Campus Revue
- Country of origin: United States
- Language: English
- Home station: NBC
- Hosted by: Hal Totten
- Original release: October 4, 1935
- Sponsored by: Elgin National Watch Company

= Campus Revue =

American radio music program

Art Kassel and His Kassels in the Air Orchestra with vocalist Gloria Hart

Campus Revue, NBC Campus Revue, was a radio music program broadcast on NBC in the mid-1930s. It was heard on Friday nights at 10:30 p.m. beginning October 4, 1935. Because the show's sponsor was the Elgin National Watch Company, the title was sometimes announced as Elgin Campus Revue.

==Mills Brothers==
The featured performers were the Mills Brothers, the first African-Americans to have a network show on radio. Writing about "Sepia singers and musicians" in the California Eagle (November 25, 1935), Charles Isaac Bowen commented:
At the present time there is only one Negro group on big time, that is a regular network commercial program and they are the Mills Brothers, the mainstays of the Elgin Watch company. They air out in the Campus Revue coming from Chicago over NBC each Friday night. The boys were signed for a quarter-year contract which has yet another month to go.

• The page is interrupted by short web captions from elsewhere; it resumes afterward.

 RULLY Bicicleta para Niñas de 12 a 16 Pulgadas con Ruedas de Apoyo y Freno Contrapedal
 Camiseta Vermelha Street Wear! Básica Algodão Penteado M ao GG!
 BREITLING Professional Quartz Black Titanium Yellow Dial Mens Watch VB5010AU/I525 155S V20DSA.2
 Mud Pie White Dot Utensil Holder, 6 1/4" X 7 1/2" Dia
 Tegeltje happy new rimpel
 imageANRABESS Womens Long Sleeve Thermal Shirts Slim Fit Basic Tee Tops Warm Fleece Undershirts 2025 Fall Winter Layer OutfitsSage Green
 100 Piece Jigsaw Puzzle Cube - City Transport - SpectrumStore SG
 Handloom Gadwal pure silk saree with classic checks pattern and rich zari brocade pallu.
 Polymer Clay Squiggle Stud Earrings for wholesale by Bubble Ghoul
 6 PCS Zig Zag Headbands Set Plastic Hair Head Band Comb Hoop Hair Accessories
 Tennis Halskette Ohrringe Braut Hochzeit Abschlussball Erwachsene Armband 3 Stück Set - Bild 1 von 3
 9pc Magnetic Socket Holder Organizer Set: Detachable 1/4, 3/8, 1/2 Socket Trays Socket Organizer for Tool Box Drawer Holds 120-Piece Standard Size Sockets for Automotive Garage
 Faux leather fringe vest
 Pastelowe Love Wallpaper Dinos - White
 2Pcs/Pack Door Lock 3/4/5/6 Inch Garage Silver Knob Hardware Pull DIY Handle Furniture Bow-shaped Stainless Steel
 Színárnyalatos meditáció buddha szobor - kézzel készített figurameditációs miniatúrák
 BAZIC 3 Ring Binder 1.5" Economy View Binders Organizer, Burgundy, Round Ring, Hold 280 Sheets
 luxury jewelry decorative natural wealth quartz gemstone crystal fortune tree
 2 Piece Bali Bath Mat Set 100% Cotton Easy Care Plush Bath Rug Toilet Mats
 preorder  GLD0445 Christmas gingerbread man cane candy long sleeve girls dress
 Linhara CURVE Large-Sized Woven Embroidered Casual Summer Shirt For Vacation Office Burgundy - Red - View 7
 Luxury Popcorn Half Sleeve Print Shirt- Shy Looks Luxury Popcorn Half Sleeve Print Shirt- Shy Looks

With the illness of John Mills Jr., the oldest of the four brothers, his father, John Mills Sr., stepped in as a substitute beginning with the premiere program. Vocalist Grace Dunn also appeared on Campus Revue, along with Art Kassel and his Kassels in the Air Orchestra. NBC sports commentator Hal Totten was the announcer.

On their second show, the Mills Brothers sang "Limehouse Blues", "Moanin'" and "What's the Reason?"